If pilot requires expert review Tyler can't provide and no collaborator exists: pause that unit, do not ship unreviewed. Master-only with no review = not ready.


3. Scale strategy (v0.5+)

When production exceeds ~20 units/week, human review alone breaks. Options to consider in order of preference:

a. Crowdsourced academic review with attribution

Units ship with a "reviewed by" line. Recruit through grad-student networks, r/math, arxiv community. Incentive = attribution + public-good contribution.

b. LLM-augmented review with human spot-check

Two LLM reviewers (different prompts) independently review → human adjudicates disagreements. Human time per unit drops to ~5 min. Quality risk: correlated LLM failures. Spot-check 10% of "both-LLMs-pass" units manually as a regression gate.

c. Paid expert review

50 avg) = ~$75k. Budget decision.

d. Open peer review

Units ship as "preview" with a review-invitation banner. Qualified readers can submit corrections via a lightweight PR flow. Corrections tracked in unit changelog.

Recommended mix for v0.5 onward: (a) + (b) with (c) reserved for unusually hard Master-tier units. (d) as a long-tail correction mechanism on shipped units.

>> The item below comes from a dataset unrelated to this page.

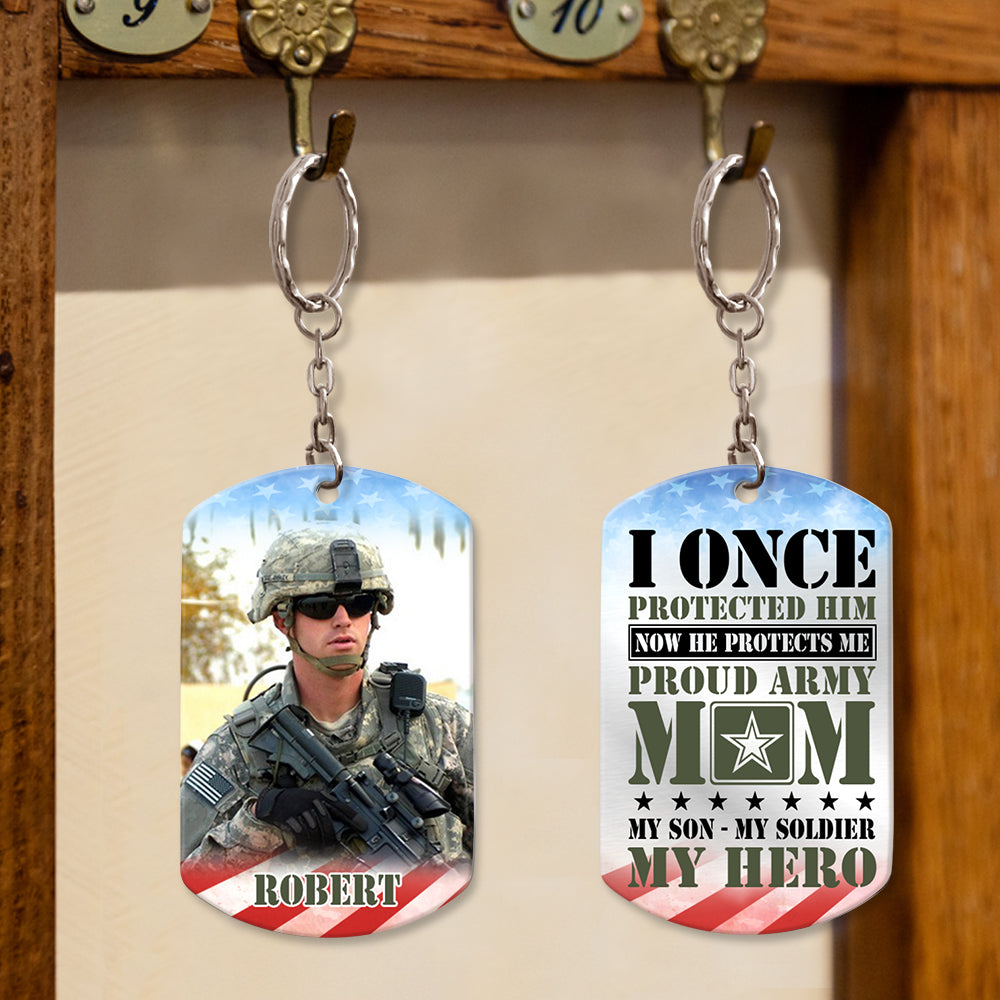 I Once Protected Him Now He Protects Me Custom Aluminum Keychain Gift For Proud Army Mom Dad Family H2511 Trna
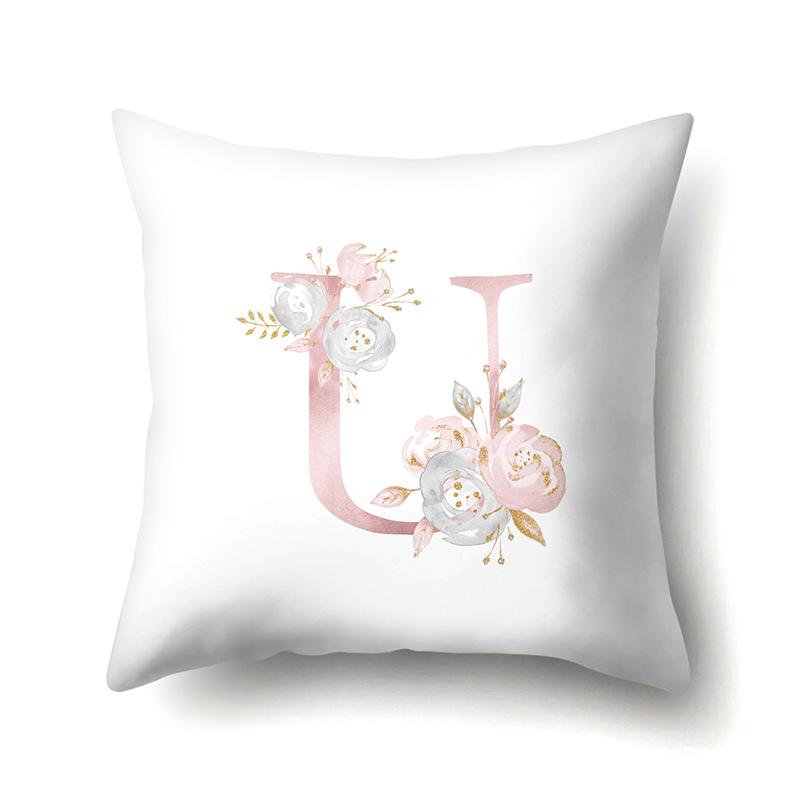 Polyester Pillowcase Automobile Decoration Home 26 English Letter Printing Pillowcase Waist Cushion Cover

4. Review workflow per unit

producer draft
  ↓
LLM mathematical-reviewer (pass 1 — flags likely errors)
  ↓
human mathematical-reviewer (pass 2 — reviews flags + spot-checks unflagged sections)
  ↓
LLM pedagogical-reviewer (against rubric; flags tier-mismatch)
  ↓
human pedagogical-reviewer (pass)
  ↓
integrator (cross-refs, dependency-graph update, notation glossary)
  ↓
copy editor (prose)
  ↓
shipped

Each step writes to the unit's review manifest (manifests/units/<id>.json):

{
  "unit_id": "01.01.03",
  "reviews": [
    {
      "role": "mathematical-reviewer-llm",
      "pass": true,
      "flags": [],
      "reviewer": "claude-opus-4-7",
      "timestamp": "..."
    },
    {
      "role": "mathematical-reviewer-human",
      "pass": true,
      "flags": [],
      "reviewer": "Dr. X",
      "timestamp": "..."
    }
  ],
  "status": "approved"
}

5. Escalation for no-reviewer-available

When a unit needs expert review but no expert is available:

  1. Unit stays in review state. Do not ship draft content.
  2. A gap entry is added to manifests/review-gaps.json with the subject area + tier + expertise needed.
  3. Production of units downstream of this one (in the DAG) continues; they will cite this unit as a pending prereq if referenced.
  4. When the expert is found, unit gets reviewed retroactively.

Do not ship unreviewed Master-tier content just to hit a production target. Quality debt at Master-tier destroys trust.


6. Known risks

  • Correlated LLM review errors: two different prompts may still share failure modes. Mitigated by 10% human spot-check as a regression signal + diverse model roster (mix Claude, GPT, Gemini).
  • Expert review inconsistency: different reviewers apply the rubric differently. Mitigated by explicit checklist rubric (not holistic judgment) + calibration pass (all reviewers first review the same unit, discrepancies discussed).
  • Bus factor: Tyler as sole Master-tier reviewer for certain subjects. Mitigated by recruiting ≥1 co-reviewer per subject area before scaling that subject.

7. v0.x pilot concrete plan

Unit Likely reviewer Backup
(apex 1–10, TBD in PILOT_PLAN) Tyler for topics he's fluent in Recruit 2 collaborators before pilot completion

Tyler: list the 10 pilot apex units here with self-confidence rating (Green = can review, Yellow = can review with effort, Red = need outside expert) once docs/plans/PILOT_PLAN.md names them. Recruitment for Red units starts before that unit enters review.


This is a living document. Update as reviewer roster grows and as the review process reveals failure modes.